We are pleased to announce that the NUS Symposium on Search and Data Mining (NSSDM 2023) will be held on Thursday, 2 Mar! This is a half-day workshop for both local students, practitioners and faculty working in data science, such as Data Mining, Retrieval, and Natural Language Processing. NSSDM 2023 additionally sets the aim to facilitate fellows who might be interested in the WSDM 2023 topics but have hard access to WSDM. We have invited well-known scholars to give insightful and inspiring keynotes at NSSDM. This is a free event, open to the public, but requires registration. It will be held at the at the 1st Floor, Innovation 4.0, NUS [Location] [Ph-I, Ph-II, Ph-III].

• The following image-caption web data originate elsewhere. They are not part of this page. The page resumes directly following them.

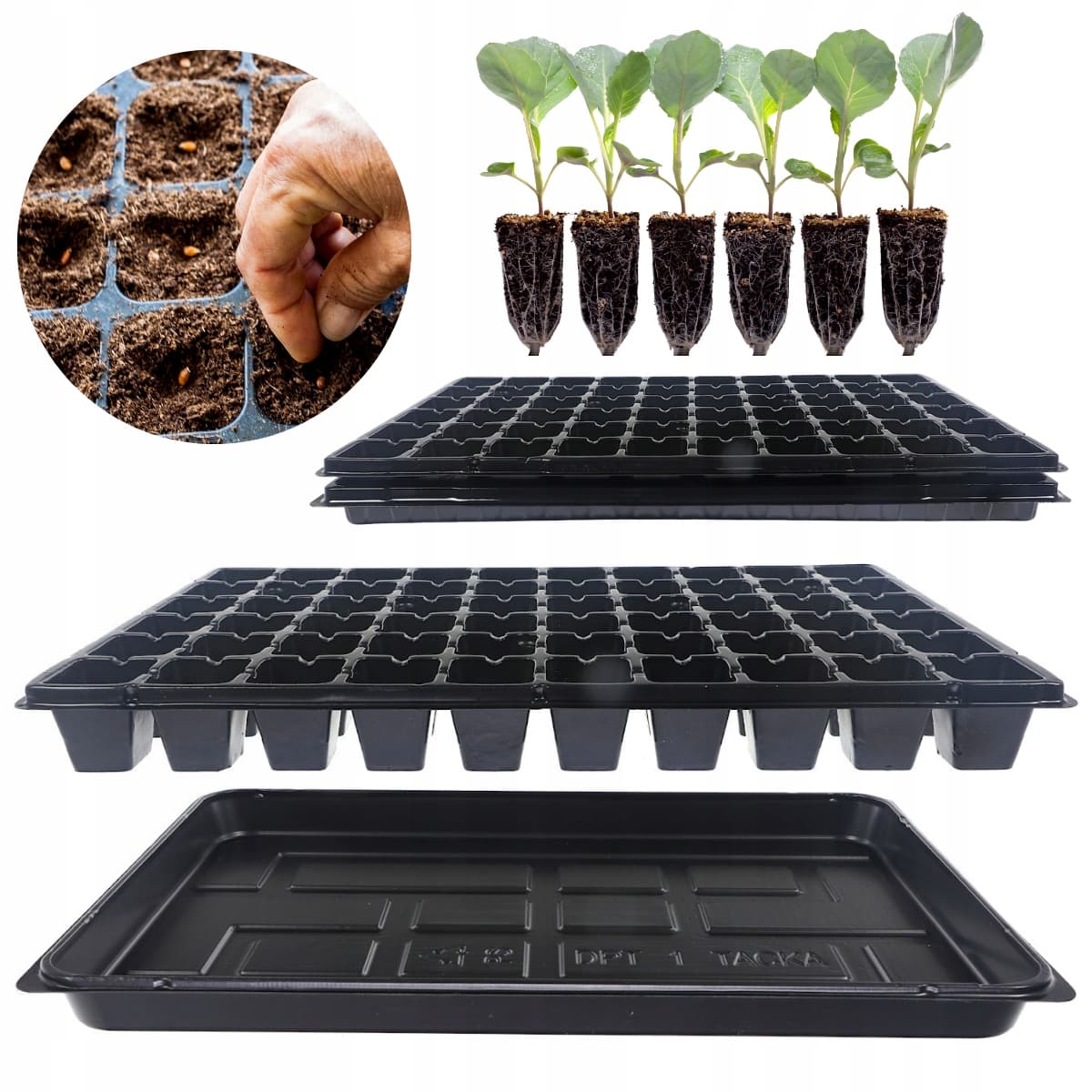 Doniczki do Wysiewu Nasion z Tacką 54 komórki - idealne wsparcie dla kostek z wełny mineralnej!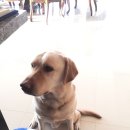 비울채울 이미지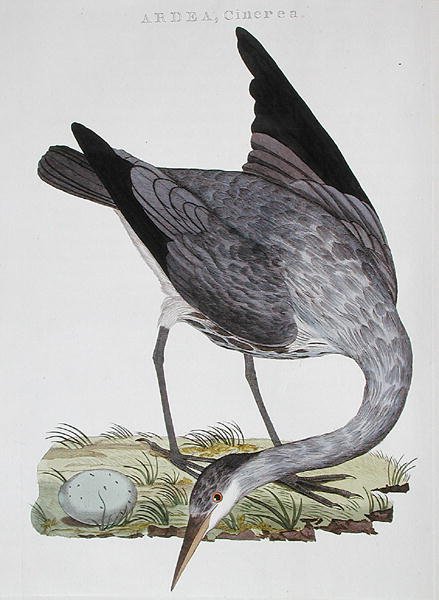 Heron, publicerad i Amsterdam av Dutch School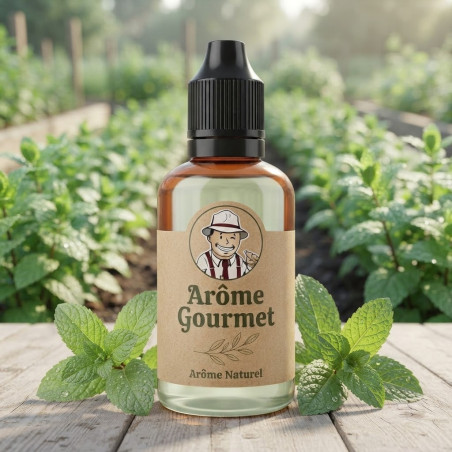 Arôme Gourmet Menthe THJ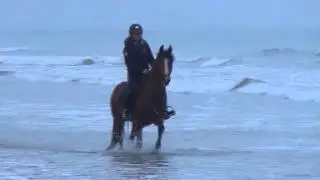 Quabar galop plage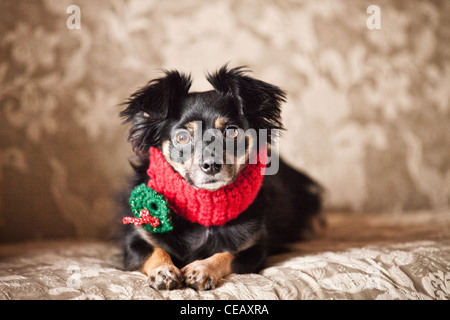 Portrait of dog wearing scarf Banque D'Images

Due to fire code restrictions, our venue can only accommodate a limited size of onsite registrations (around 90 seats). Please make registrations as soon as possible if you want the onsite attendance.

Registration is Close!

However, we have plenty of capacity for virtual attendance. Feel free to request the link for the virtual registration below.

Registration is Close!

Keynote speakers

Speaker Keynote
Grace Hui Yang

Dr. Grace Hui Yang is an Associate Professor in the Department of Computer Science at Georgetown University. Dr. Yang is leading the InfoSense (Information Retrieval and Sense-Making) group at Georgetown University, Washington D.C. Dr. Yang obtained her Ph.D. from Carnegie Mellon University in 2011. Her current research interests include deep reinforcement learning, interactive agents, and human-centered AI. Prior to this, she conducted research on question answering, automatic ontology construction, near-duplicate detection, multimedia information retrieval, and opinion and sentiment detection. Dr. Yang's research has been supported by the Defense Advanced Research Projects Agency (DARPA) and the National Science Foundation (NSF). Dr. Yang co-organized the Text Retrieval Conference (TREC) Dynamic Domain Track from 2015 to 2017 and led the effort for SIGIR privacy-preserving information retrieval workshops from 2014 to 2016. Dr. Yang has served on the editorial boards of ACM TOIS and Information Retrieval Journal (from 2014 to 2017) and has actively served as an organizing or program committee member in many conferences such as SIGIR, ECIR, ACL, AAAI, ICTIR, CIKM, WSDM, and WWW. She is a recipient of the NSF Faculty Early Career Development Program (CAREER) Award.

High-Quality Diversification for Task-Oriented Dialogue Systems

Many task-oriented dialogue systems use deep reinforcement learning (DRL) to learn policies that respond to the user appropriately and complete the tasks successfully. Training DRL agents with diverse dialogue trajectories prepare them well for rare user requests and unseen situations. One effective diversification method is to let the agent interact with a diverse set of learned user models. However, trajectories created by these artificial user models may contain generation errors, which can quickly propagate into the agent’s policy. It is thus important to control the quality of the diversification and resist the noise. In this paper, we propose a novel dialogue diversification method for task-oriented dialogue systems trained in simulators. Our method, Intermittent Short Extension Ensemble (I-SEE), constrains the intensity to interact with an ensemble of diverse user models and effectively controls the quality of the diversification. Evaluations show that I-SEE successfully boosts the performance of several DRL dialogue agents.

Chirag Shah

Dr. Chirag Shah is a Professor in Information School, an Adjunct Professor in Paul G. Allen School of Computer Science & Engineering, and an Adjunct Professor in Human Centered Design & Engineering (HCDE) at University of Washington (UW). He is the Founding Director of InfoSeeking Lab and the Founding Co-Director of RAISE, a Center for Responsible AI. His research revolves around intelligent systems. He received his PhD in Information Science from University of North Carolina (UNC) at Chapel Hill.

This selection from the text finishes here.